Some commenters thought the story should be ignored as a data point about the societal value of patents. I disagree in that case because I don't believe economics or social sciences have anywhere near the amount of rigor and theory to make a good claim on whether the patent system is a net benefit to society. Deciding such a thing is a very old, and classic problem in philosophy. The OP seems to implicitly relying on a variant of utilitarianism, which IMO is wholefully inadequate to rely on for moral decisions.

Since science is so hard, there is a lot of bad science out there. What gets reported in the wider media has all sorts of weird selection bias, never mind what gets picked for publication in journals. Anecdotes are human stories and they are deeply connected to why we care. Statiscal tools can be used in ways that justify harm people in the name of greater good. I agree that scientific medicine provides tools for "real"'medicine that other methods don't. I just think we should remember to real peoples stories, especially if they are true.

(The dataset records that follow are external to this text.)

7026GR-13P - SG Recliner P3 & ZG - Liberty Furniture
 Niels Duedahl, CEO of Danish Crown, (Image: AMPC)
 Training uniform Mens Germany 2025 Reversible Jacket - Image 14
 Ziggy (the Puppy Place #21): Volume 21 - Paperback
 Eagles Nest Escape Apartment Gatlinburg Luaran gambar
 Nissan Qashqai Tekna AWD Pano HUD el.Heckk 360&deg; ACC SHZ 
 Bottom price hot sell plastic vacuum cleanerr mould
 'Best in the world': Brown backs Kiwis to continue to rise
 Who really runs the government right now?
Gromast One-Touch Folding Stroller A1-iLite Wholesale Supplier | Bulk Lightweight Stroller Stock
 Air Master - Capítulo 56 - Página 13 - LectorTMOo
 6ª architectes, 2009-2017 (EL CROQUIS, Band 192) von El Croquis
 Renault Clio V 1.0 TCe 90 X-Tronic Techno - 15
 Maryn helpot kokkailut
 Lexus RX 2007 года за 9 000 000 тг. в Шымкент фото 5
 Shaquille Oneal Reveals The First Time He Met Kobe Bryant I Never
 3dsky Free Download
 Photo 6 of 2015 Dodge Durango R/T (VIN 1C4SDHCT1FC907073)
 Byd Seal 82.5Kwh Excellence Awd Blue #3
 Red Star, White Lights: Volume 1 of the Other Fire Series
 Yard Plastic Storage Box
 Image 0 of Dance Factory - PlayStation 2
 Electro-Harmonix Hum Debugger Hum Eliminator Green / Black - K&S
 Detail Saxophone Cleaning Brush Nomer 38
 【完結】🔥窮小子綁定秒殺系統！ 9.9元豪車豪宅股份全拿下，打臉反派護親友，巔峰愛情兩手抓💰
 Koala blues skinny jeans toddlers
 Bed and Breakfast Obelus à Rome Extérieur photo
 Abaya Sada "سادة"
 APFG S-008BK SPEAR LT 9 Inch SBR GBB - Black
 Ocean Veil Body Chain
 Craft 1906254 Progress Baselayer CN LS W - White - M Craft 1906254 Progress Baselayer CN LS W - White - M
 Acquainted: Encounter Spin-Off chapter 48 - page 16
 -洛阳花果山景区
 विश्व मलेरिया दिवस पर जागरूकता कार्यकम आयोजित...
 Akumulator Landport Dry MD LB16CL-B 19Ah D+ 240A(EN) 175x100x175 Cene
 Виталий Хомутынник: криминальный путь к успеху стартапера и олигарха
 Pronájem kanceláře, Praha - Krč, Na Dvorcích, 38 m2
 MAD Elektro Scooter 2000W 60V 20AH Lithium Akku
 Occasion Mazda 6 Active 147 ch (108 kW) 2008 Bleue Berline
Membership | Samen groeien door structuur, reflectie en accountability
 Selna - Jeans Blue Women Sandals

Anyone reading this probably gets that one can't exactly counter balance the effect of anecdotes within themselves. But it can still be countered some, I think it's worth it to hear stories (that are relaxant to the topic). Now what is the basis of my beliefs? Mostly intuition, not rationality. But I don't think it's possible to undermine my ideas with some kind of experimentally bases argument. There's just way to many variables!

1 comments

I don't understand the part about Stalin's advice. What was Stalin saying would happen if you ignored anecdotes? How do you figure he was talking about the value of anecdotes?
He was talking about undertaking large activities (war for example) that would kill hundreds of thousands of people could be tolerated politically by a populace in a way that a single murder might cause an outrage. The large numbers make the horror abstract. It's easier for people to relate to a story about a specific individual.

The quote (and variations) are quite famous, it might be apocryphal, but I think it is true. Hearing about hundreds of thousands of people massacred in a foreign land doesn't hit home when you are reading about far away.

That's why reporters (New York Times style)try to weave in illustrations and stories about individuals even when discussing a larger trend.

Funny thing, I always took this quote as Stalin cynically remarking on exactly OP's point: people overweight anecdotes by thousands to millions of times their actual worth as Bayesian evidence.